**Records for the exercise**
^^^^^^^^

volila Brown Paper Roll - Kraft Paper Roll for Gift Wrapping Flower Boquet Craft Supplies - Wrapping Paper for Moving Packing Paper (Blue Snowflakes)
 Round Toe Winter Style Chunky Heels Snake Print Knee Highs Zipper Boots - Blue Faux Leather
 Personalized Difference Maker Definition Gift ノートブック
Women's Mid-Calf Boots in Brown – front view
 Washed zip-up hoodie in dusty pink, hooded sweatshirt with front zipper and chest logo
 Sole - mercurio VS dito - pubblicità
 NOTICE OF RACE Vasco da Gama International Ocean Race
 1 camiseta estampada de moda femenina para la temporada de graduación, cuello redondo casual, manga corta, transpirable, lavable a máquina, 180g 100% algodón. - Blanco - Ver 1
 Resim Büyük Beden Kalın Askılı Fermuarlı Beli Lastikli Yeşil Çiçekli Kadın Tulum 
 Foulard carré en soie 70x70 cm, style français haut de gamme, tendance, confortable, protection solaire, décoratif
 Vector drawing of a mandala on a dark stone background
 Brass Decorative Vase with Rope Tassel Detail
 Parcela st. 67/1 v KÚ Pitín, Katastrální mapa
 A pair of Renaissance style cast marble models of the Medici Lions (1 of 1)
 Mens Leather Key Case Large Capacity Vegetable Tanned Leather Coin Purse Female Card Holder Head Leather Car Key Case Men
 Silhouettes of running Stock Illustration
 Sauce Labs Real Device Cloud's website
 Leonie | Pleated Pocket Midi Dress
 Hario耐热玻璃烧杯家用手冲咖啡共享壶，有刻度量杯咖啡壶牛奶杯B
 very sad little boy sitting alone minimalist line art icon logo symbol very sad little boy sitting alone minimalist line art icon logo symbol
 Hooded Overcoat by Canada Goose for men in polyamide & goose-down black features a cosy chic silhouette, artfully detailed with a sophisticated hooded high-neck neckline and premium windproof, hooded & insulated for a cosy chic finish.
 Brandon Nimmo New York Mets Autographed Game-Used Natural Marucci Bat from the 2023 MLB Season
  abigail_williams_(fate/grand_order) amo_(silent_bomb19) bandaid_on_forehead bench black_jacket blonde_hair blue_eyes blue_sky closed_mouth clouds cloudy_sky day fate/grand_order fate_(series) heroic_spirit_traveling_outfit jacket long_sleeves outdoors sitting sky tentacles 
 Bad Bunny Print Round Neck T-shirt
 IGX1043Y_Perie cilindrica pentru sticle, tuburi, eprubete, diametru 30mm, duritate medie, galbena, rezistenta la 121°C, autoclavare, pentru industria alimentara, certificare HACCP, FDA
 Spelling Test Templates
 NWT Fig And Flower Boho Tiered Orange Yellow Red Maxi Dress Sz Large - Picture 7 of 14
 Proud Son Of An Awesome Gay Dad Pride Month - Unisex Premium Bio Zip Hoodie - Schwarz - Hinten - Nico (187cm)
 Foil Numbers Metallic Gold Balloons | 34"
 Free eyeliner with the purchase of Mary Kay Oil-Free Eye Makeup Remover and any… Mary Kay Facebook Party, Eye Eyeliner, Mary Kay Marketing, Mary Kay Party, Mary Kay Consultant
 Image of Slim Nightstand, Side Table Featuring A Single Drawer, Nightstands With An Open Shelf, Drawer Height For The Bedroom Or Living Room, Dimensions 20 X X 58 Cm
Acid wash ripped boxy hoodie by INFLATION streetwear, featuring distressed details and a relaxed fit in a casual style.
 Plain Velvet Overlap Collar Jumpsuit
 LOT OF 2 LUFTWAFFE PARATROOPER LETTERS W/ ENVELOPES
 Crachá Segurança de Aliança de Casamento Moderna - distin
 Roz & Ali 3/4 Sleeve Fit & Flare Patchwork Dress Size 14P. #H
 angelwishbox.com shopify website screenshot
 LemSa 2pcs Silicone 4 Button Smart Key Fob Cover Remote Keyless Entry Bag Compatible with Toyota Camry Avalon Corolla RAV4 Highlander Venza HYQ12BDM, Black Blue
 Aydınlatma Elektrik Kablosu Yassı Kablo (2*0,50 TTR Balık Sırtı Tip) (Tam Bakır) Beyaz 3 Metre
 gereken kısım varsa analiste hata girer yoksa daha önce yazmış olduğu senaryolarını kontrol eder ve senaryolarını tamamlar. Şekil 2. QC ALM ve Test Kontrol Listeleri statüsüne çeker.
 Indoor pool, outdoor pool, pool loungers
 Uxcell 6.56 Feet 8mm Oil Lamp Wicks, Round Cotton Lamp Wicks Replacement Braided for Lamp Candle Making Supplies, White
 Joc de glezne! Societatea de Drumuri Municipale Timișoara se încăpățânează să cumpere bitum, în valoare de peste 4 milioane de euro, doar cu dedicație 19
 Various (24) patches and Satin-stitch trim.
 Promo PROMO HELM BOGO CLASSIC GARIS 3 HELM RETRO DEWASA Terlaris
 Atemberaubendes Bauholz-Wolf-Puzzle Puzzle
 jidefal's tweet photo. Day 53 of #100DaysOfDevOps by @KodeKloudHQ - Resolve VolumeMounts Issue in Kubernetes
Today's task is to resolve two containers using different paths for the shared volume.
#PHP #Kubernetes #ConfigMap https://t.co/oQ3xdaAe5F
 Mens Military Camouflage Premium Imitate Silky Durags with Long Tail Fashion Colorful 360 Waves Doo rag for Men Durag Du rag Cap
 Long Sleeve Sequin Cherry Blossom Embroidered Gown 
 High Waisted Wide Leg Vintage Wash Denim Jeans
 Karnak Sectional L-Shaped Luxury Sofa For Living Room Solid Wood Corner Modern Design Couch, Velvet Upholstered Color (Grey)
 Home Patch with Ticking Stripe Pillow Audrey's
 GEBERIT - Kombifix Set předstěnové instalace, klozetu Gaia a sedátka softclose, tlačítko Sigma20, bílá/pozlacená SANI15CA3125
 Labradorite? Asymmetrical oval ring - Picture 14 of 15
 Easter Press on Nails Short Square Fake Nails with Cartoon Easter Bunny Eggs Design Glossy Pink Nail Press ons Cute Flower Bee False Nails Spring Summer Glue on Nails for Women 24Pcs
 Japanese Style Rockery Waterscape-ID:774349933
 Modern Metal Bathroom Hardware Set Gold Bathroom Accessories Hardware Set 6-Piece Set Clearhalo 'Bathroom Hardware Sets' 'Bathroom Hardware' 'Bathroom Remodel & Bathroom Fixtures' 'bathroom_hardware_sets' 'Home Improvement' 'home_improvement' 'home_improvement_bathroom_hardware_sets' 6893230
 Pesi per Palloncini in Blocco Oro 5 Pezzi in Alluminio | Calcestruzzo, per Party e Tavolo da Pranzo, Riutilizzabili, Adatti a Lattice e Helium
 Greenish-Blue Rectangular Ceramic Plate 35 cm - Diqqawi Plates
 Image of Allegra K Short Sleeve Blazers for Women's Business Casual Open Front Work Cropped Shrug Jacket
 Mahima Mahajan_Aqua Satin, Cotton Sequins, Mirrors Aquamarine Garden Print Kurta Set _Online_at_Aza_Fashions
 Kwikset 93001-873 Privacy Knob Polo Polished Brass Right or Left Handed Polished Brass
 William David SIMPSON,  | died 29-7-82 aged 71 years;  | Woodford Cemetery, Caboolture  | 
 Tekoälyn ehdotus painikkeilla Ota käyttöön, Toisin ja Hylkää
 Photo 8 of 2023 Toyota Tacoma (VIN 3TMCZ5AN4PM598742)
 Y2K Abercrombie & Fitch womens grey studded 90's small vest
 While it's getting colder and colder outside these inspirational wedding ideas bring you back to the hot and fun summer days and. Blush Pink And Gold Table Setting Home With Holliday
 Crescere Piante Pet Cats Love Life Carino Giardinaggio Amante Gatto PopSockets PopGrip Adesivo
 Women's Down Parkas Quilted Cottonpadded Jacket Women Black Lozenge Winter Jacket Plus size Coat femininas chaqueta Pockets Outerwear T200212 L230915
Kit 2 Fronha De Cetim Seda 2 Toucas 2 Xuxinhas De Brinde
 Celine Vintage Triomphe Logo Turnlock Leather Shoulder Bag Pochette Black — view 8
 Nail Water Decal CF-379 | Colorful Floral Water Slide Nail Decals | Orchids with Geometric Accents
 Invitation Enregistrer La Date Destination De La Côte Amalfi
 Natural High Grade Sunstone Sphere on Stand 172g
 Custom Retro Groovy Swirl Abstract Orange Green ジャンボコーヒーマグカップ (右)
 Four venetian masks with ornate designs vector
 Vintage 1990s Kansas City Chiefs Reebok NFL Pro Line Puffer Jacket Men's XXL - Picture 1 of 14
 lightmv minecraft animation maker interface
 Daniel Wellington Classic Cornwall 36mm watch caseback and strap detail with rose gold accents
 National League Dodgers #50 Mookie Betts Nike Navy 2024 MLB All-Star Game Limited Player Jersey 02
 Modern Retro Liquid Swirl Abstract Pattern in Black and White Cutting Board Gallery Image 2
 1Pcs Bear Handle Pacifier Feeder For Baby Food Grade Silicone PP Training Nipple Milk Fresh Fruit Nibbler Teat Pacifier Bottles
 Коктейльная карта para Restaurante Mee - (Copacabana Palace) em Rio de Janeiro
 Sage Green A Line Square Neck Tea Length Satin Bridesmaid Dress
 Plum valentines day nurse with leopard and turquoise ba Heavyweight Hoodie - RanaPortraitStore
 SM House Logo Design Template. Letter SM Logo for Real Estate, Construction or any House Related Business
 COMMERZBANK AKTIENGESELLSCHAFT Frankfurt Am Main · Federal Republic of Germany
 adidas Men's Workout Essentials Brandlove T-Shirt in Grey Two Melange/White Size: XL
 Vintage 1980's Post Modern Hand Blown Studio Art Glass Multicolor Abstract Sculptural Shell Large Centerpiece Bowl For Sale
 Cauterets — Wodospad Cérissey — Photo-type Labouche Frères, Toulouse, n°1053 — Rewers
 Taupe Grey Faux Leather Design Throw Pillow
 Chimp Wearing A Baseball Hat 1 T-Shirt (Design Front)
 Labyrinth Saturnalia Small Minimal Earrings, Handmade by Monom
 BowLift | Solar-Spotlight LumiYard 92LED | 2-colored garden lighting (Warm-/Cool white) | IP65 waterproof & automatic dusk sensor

^^^^^^^^

Exact reproduction is required: output the lines from the start of the entries above through the line with "Bad Bunny Print Round Neck T-shirt".

volila Brown Paper Roll - Kraft Paper Roll for Gift Wrapping Flower Boquet Craft Supplies - Wrapping Paper for Moving Packing Paper (Blue Snowflakes)
 Round Toe Winter Style Chunky Heels Snake Print Knee Highs Zipper Boots - Blue Faux Leather
 Personalized Difference Maker Definition Gift ノートブック
Women's Mid-Calf Boots in Brown – front view
 Washed zip-up hoodie in dusty pink, hooded sweatshirt with front zipper and chest logo
 Sole - mercurio VS dito - pubblicità
 NOTICE OF RACE Vasco da Gama International Ocean Race
 1 camiseta estampada de moda femenina para la temporada de graduación, cuello redondo casual, manga corta, transpirable, lavable a máquina, 180g 100% algodón. - Blanco - Ver 1
 Resim Büyük Beden Kalın Askılı Fermuarlı Beli Lastikli Yeşil Çiçekli Kadın Tulum 
 Foulard carré en soie 70x70 cm, style français haut de gamme, tendance, confortable, protection solaire, décoratif
 Vector drawing of a mandala on a dark stone background
 Brass Decorative Vase with Rope Tassel Detail
 Parcela st. 67/1 v KÚ Pitín, Katastrální mapa
 A pair of Renaissance style cast marble models of the Medici Lions (1 of 1)
 Mens Leather Key Case Large Capacity Vegetable Tanned Leather Coin Purse Female Card Holder Head Leather Car Key Case Men
 Silhouettes of running Stock Illustration
 Sauce Labs Real Device Cloud's website
 Leonie | Pleated Pocket Midi Dress
 Hario耐热玻璃烧杯家用手冲咖啡共享壶，有刻度量杯咖啡壶牛奶杯B
 very sad little boy sitting alone minimalist line art icon logo symbol very sad little boy sitting alone minimalist line art icon logo symbol
 Hooded Overcoat by Canada Goose for men in polyamide & goose-down black features a cosy chic silhouette, artfully detailed with a sophisticated hooded high-neck neckline and premium windproof, hooded & insulated for a cosy chic finish.
 Brandon Nimmo New York Mets Autographed Game-Used Natural Marucci Bat from the 2023 MLB Season
  abigail_williams_(fate/grand_order) amo_(silent_bomb19) bandaid_on_forehead bench black_jacket blonde_hair blue_eyes blue_sky closed_mouth clouds cloudy_sky day fate/grand_order fate_(series) heroic_spirit_traveling_outfit jacket long_sleeves outdoors sitting sky tentacles 
 Bad Bunny Print Round Neck T-shirt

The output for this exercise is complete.